- What you will do -
Transcribe all the lines below exactly. Omit the pictures.

- Stored data -
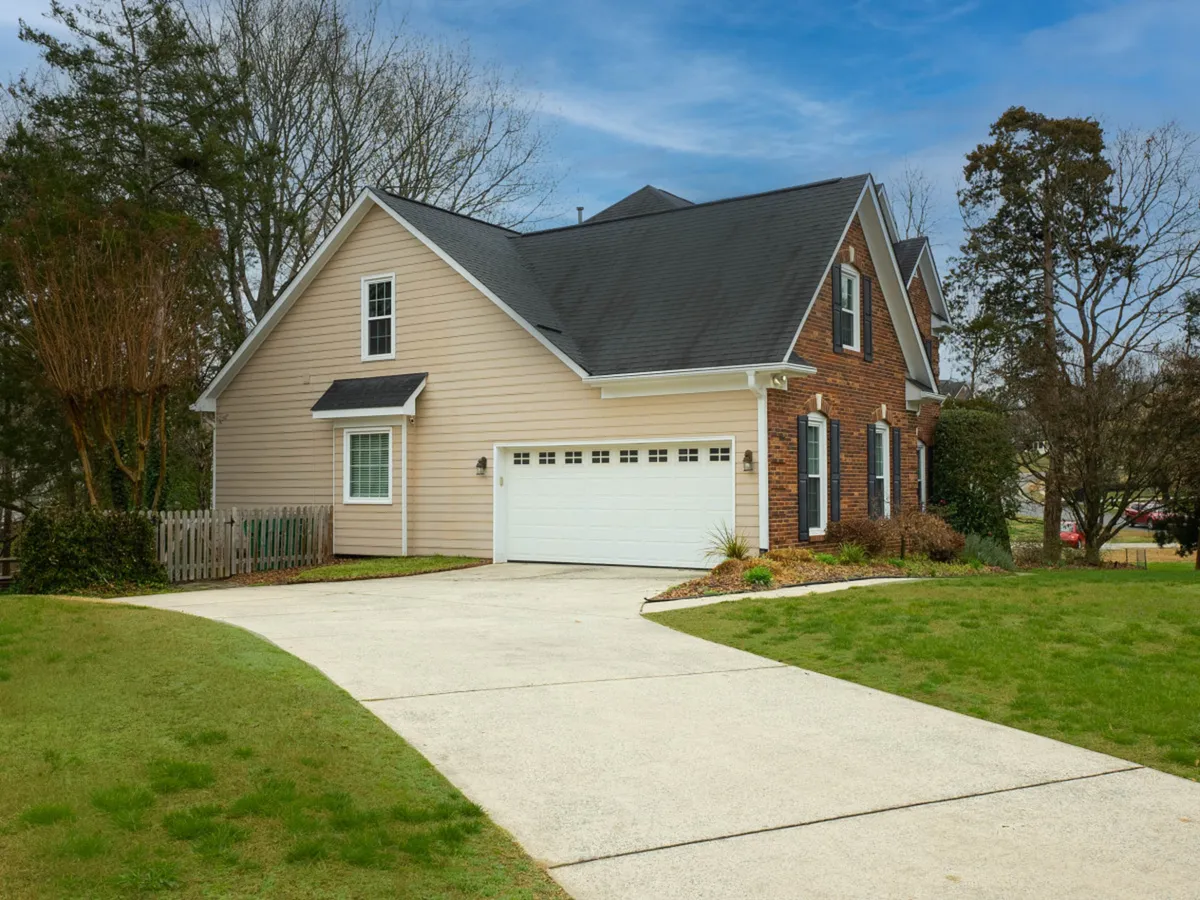 This image shows the front entrance of the home, complete with a well-maintained landscaped garden and a visible yard area. The focus on the entrance and surrounding greenery conveys a sense of welcome and hints at ample outdoor space for families and pets to enjoy.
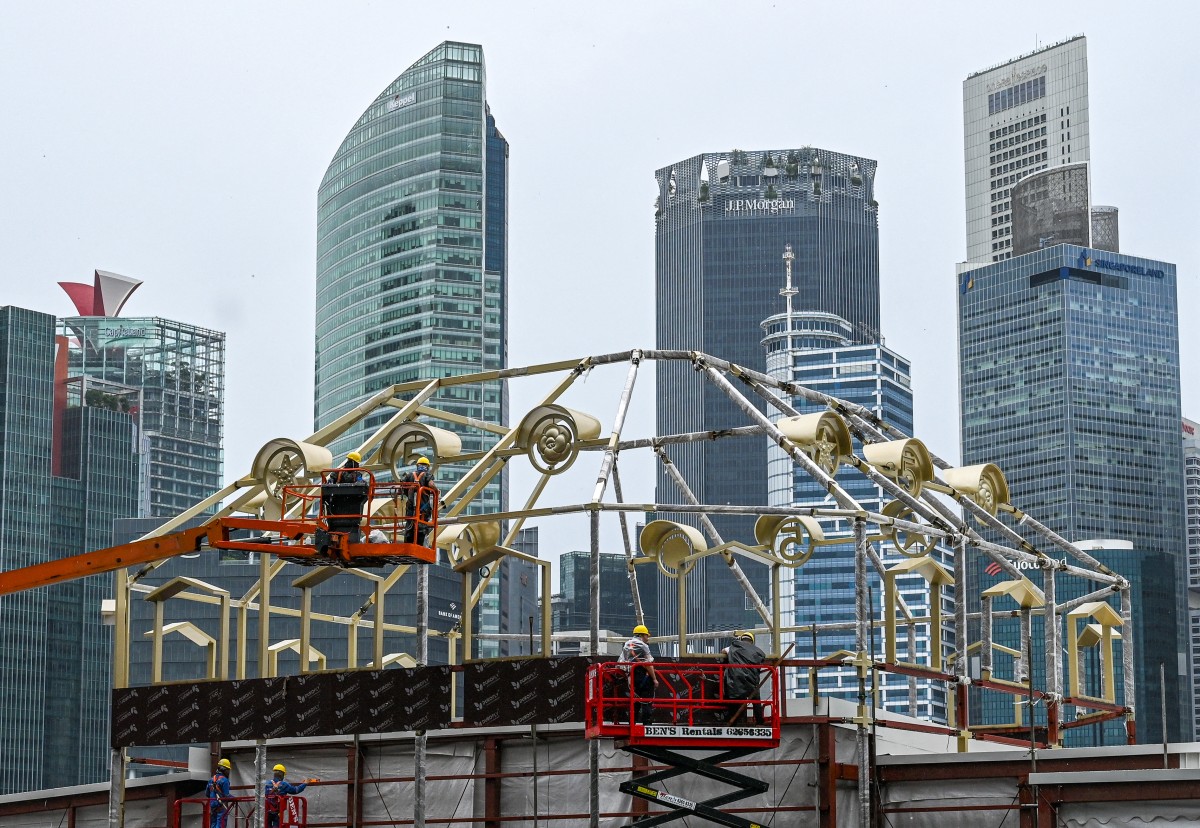 Photo used only for demonstration purposes. Workers stand on lifting platforms as they assemble the structure of a temporary construction near the financial business district in Singapore on October 14, 2024. Photo by Roslan RAHMAN / AFP.
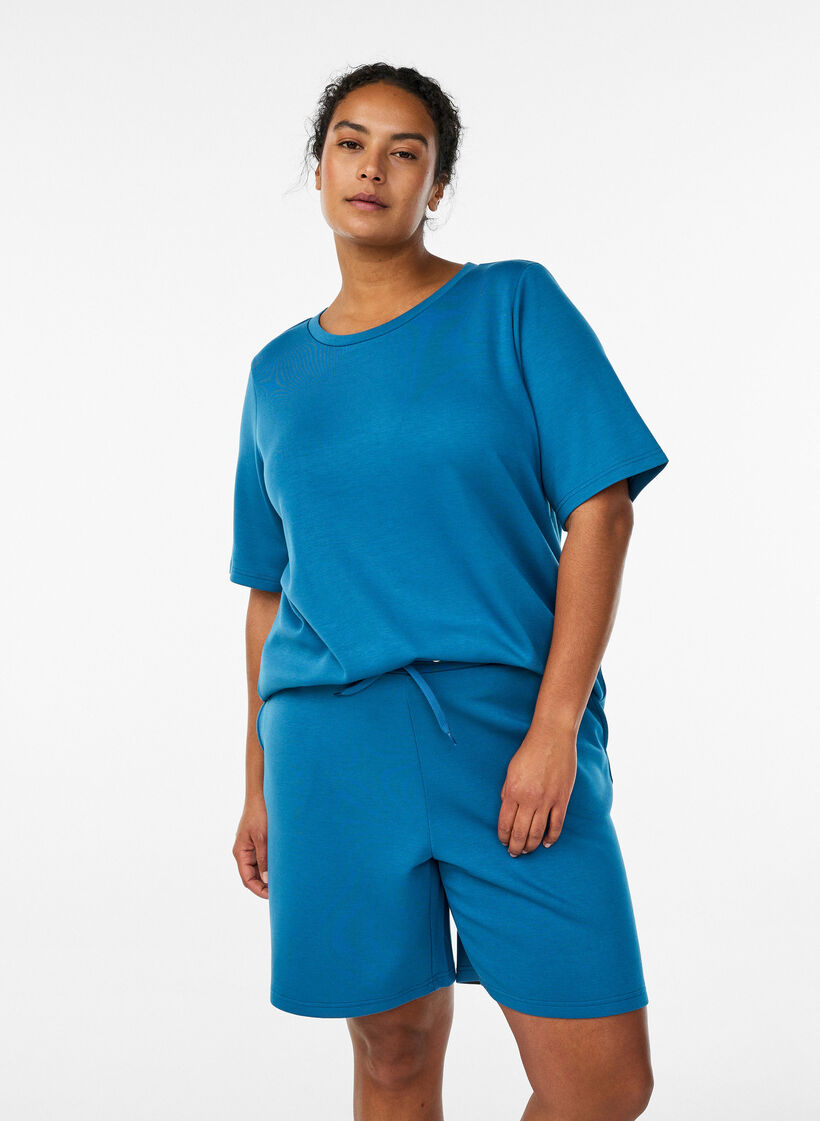 Shorts made of modal mix with pockets, Petrol, Model image number 0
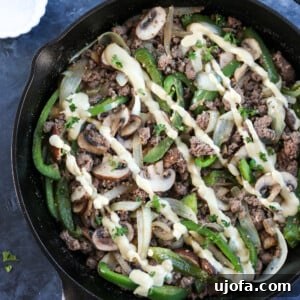 Prepared Whole30 Philly Cheesesteak Skillet with creamy cashew cheese sauce ready to serve.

- Answer area -
 This image shows the front entrance of the home, complete with a well-maintained landscaped garden and a visible yard area. The focus on the entrance and surrounding greenery conveys a sense of welcome and hints at ample outdoor space for families and pets to enjoy.
 Photo used only for demonstration purposes. Workers stand on lifting platforms as they assemble the structure of a temporary construction near the financial business district in Singapore on October 14, 2024. Photo by Roslan RAHMAN / AFP.
 Shorts made of modal mix with pockets, Petrol, Model image number 0
 Prepared Whole30 Philly Cheesesteak Skillet with creamy cashew cheese sauce ready to serve.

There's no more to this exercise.